TASK DESCRIPTION → Please give back the listing exactly, without any of its pictures.

RAW DATA →
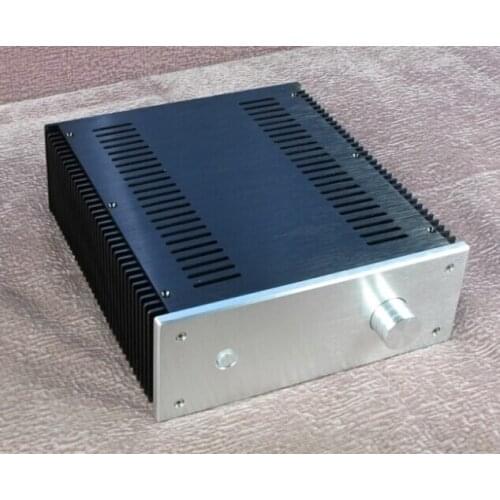 BZ2409C New heat-dissipating all-aluminum power amplifier chassis Class A amplifier housing Preamplifier Case Box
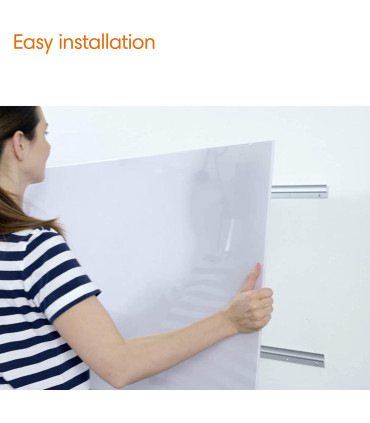 Skleněná tabule Nobo s odjímatelnou lištou, 126x71cm, modrá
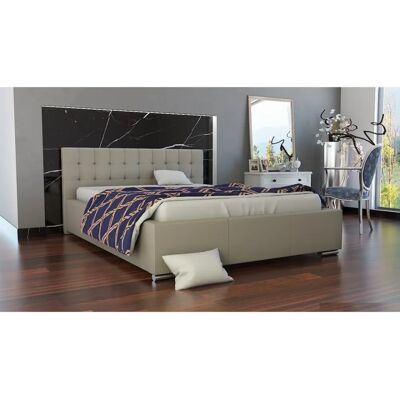 Fun Moebel - MANILO XS 180x200 - Stoff Jasmine - Bett Fun Moebel - MANILO XS 180x200 - Stoff Jasmine - Bett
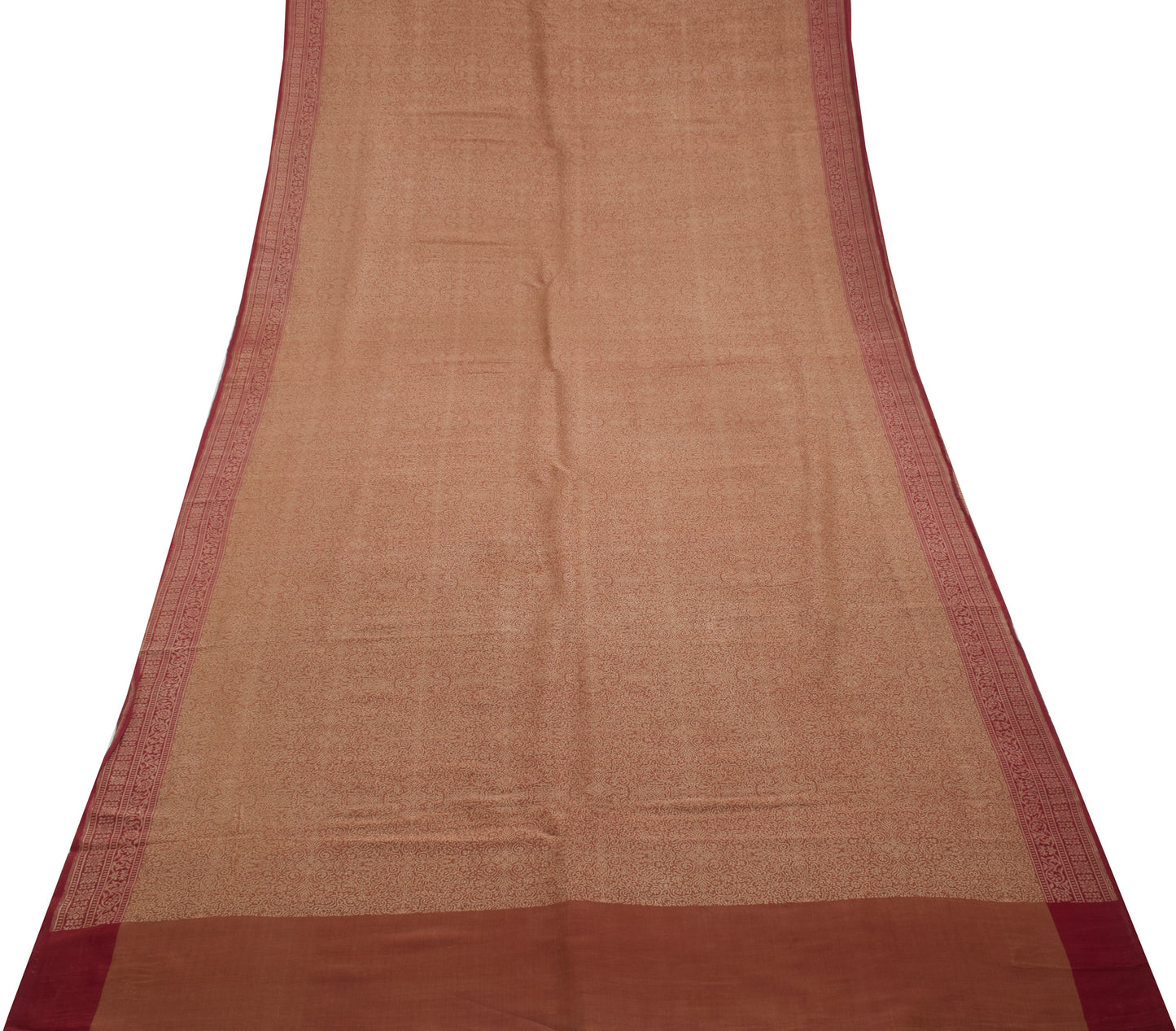 Sushila Vintage Heavy Saree 100% Pure Silk Banarasi Brocade Woven Sari Fabric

SOLUTION TO THIS PROBLEM →
 BZ2409C New heat-dissipating all-aluminum power amplifier chassis Class A amplifier housing Preamplifier Case Box
 Skleněná tabule Nobo s odjímatelnou lištou, 126x71cm, modrá
 Fun Moebel - MANILO XS 180x200 - Stoff Jasmine - Bett Fun Moebel - MANILO XS 180x200 - Stoff Jasmine - Bett
 Sushila Vintage Heavy Saree 100% Pure Silk Banarasi Brocade Woven Sari Fabric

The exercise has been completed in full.